■ **Provided data**:
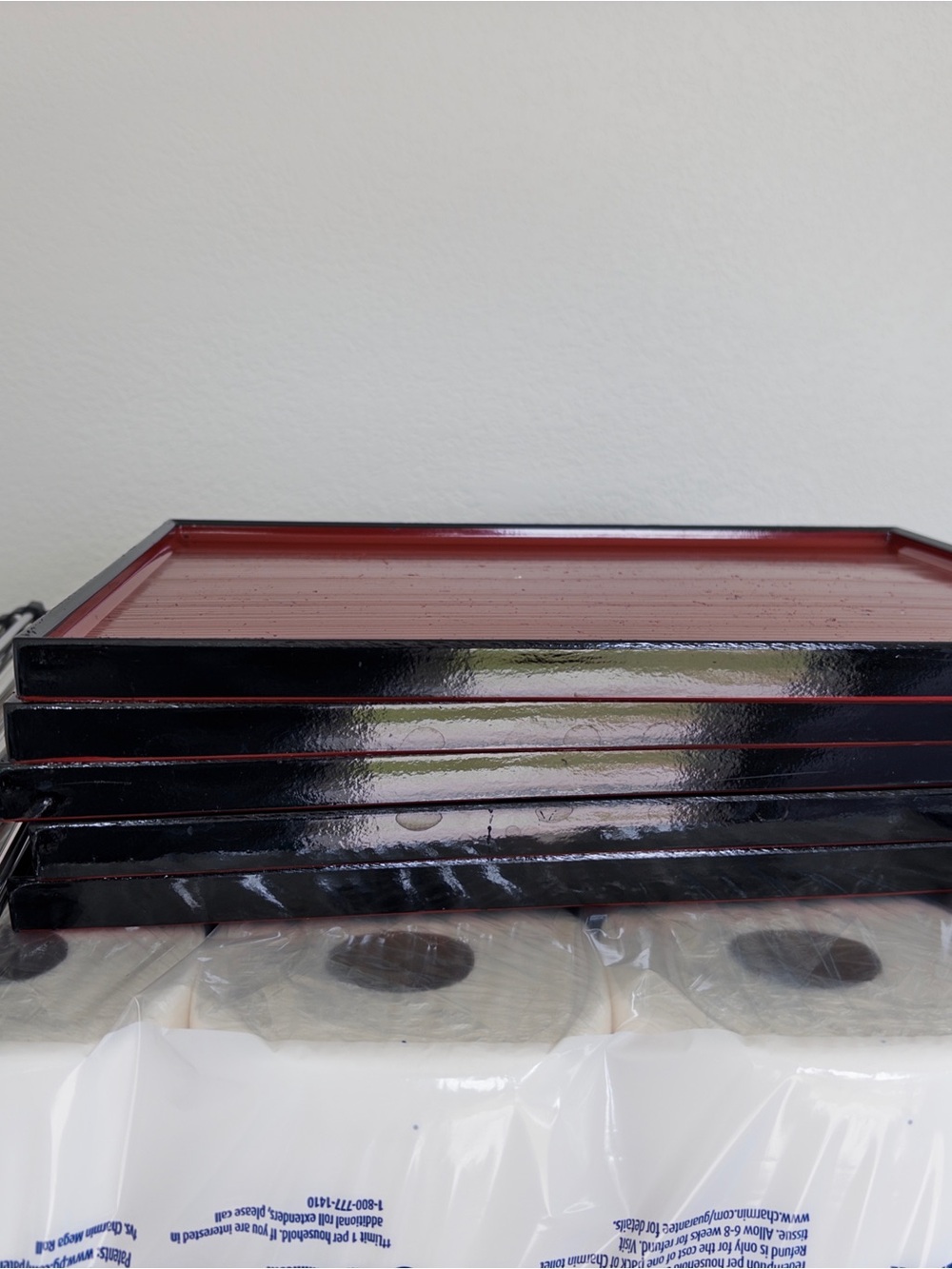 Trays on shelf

* * *

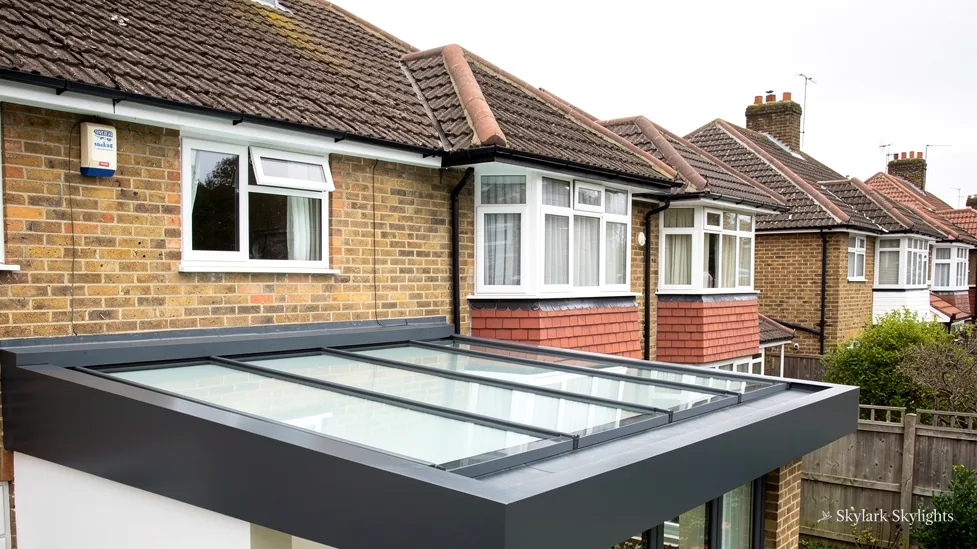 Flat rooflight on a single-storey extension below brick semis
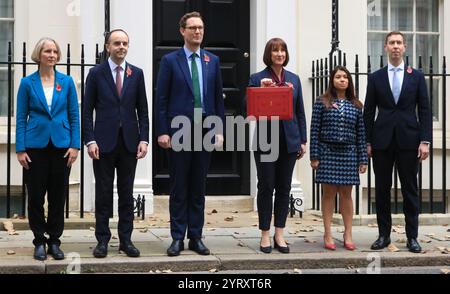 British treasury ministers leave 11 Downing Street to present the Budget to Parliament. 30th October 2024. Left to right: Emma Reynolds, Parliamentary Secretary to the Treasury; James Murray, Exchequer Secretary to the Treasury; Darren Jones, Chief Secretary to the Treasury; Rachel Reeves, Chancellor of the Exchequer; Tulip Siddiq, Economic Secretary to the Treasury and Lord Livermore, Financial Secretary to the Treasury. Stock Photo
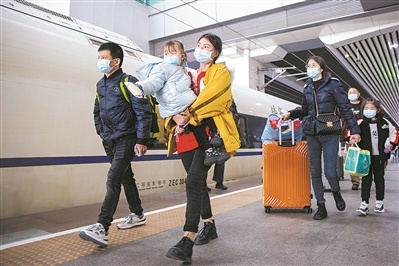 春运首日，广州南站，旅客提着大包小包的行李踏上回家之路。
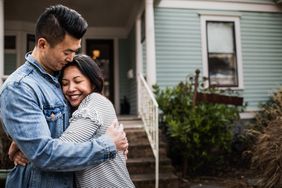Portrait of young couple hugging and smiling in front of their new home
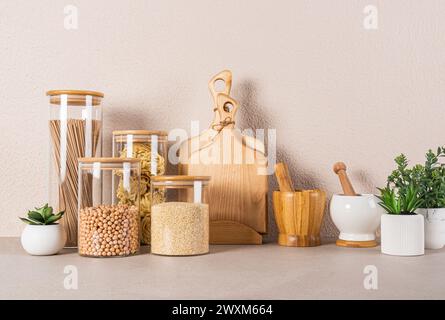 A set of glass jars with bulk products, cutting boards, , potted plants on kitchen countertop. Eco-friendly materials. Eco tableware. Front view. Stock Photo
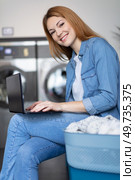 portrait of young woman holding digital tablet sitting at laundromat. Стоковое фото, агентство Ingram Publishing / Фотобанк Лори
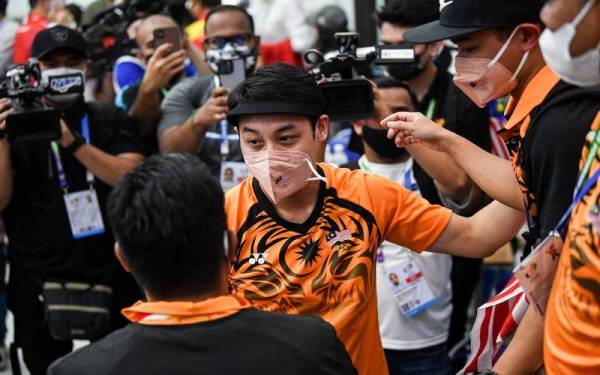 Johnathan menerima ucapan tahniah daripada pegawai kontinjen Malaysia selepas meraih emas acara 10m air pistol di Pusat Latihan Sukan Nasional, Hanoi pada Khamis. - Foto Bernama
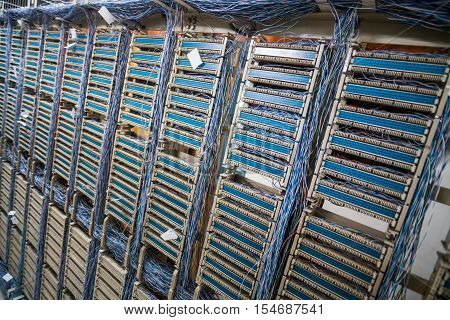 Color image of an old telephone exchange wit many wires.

■ **Exercise goal**:
Above are some entries; copy exactly the lines from the line with "Flat rooflight on" through the line with "Color image of", both included, but none of the pictures.

■ **Solution**:
 Flat rooflight on a single-storey extension below brick semis
 British treasury ministers leave 11 Downing Street to present the Budget to Parliament. 30th October 2024. Left to right: Emma Reynolds, Parliamentary Secretary to the Treasury; James Murray, Exchequer Secretary to the Treasury; Darren Jones, Chief Secretary to the Treasury; Rachel Reeves, Chancellor of the Exchequer; Tulip Siddiq, Economic Secretary to the Treasury and Lord Livermore, Financial Secretary to the Treasury. Stock Photo
 春运首日，广州南站，旅客提着大包小包的行李踏上回家之路。
Portrait of young couple hugging and smiling in front of their new home
 A set of glass jars with bulk products, cutting boards, , potted plants on kitchen countertop. Eco-friendly materials. Eco tableware. Front view. Stock Photo
 portrait of young woman holding digital tablet sitting at laundromat. Стоковое фото, агентство Ingram Publishing / Фотобанк Лори
 Johnathan menerima ucapan tahniah daripada pegawai kontinjen Malaysia selepas meraih emas acara 10m air pistol di Pusat Latihan Sukan Nasional, Hanoi pada Khamis. - Foto Bernama
 Color image of an old telephone exchange wit many wires.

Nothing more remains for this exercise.